Vital Marine Plants in Steep Decline

A MERIS satellite image acquired July 11, 2010 shows blue-green algae blooms in the Baltic Sea. Canadian scientists are "flagging up warnings" to the world as new research shows a marine species is rapidly dying, which could significantly change the way humans live - from what we eat to the air we breathe.

Rising sea temperatures can harm the tiny plant life that forms the base of the oceans' food chain as well as affect the diversity of marine life, two new studies have found.

In research published Wednesday by the journal Nature, scientists found a strong link between higher sea-surface temperatures and a major decline over the past century in marine algae, or phytoplankton. These microscopic plants generate roughly half of all organic matter—the building block of life—on the planet.

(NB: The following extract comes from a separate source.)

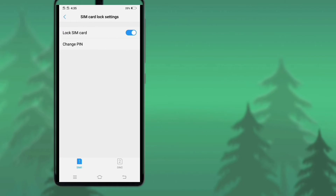Here I have locked SIM card 1. If you want, in the same way you can lock your SIM card 2 as well. After locking your SIM card, if your SIM card or mobile is lost, there will be no possibility of your information being leaked.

A second study, also published in Nature, concludes that warmer seas can influence marine diversity, potentially rearranging the global distribution of ocean life.

Over the years, humans have affected the oceans by polluting and over-fishing and through habitat alteration caused by dredging and other activities. Less understood is the role of higher sea temperatures. Scientists, many of whom believe the increase to be linked to global climate change, estimate the oceans have warmed by roughly half a degree Celsius on average over the past 100 years.

Phytoplankton has flourished in many coastal areas because increased runoff from rivers brings nutrients that the algae gorge on. But no one has properly assessed whether the global oceans are losing or gaining phytoplankton, which forms the base of the marine food chain, from crustaceans to fish and ultimately to humans.

Consistent satellite-based measurements of the algae exist only from 1997. Scientists at Dalhousie University in Nova Scotia, Canada, instead used data obtained with a simple oceanography device used since the late 1800s known as a Secchi—a disk lowered into the water to measure phytoplankton abundance.

By collating and analyzing about half a million Secchi observations, plus other direct measurements of algae, the Dalhousie team estimated that phytoplankton levels declined by about 1% of the global average each year from 1899 onward. The data are more reliable for recent decades, translating into a 40% decline since 1950.

The team investigated several factors that could have caused the decline. "We found that temperature had the best power to explain the changes," said Boris Worm, a marine biologist at Dalhousie and co-author of the study.

Marine algae live in the upper layers of the ocean but rely on nutrients that circulate up from lower layers. Rising temperatures mean the different layers mix less with each other, so fewer nutrients reach the algae. However, Dr. Worm noted that algal abundance can be affected by other factors, such as shifts in predator-prey populations.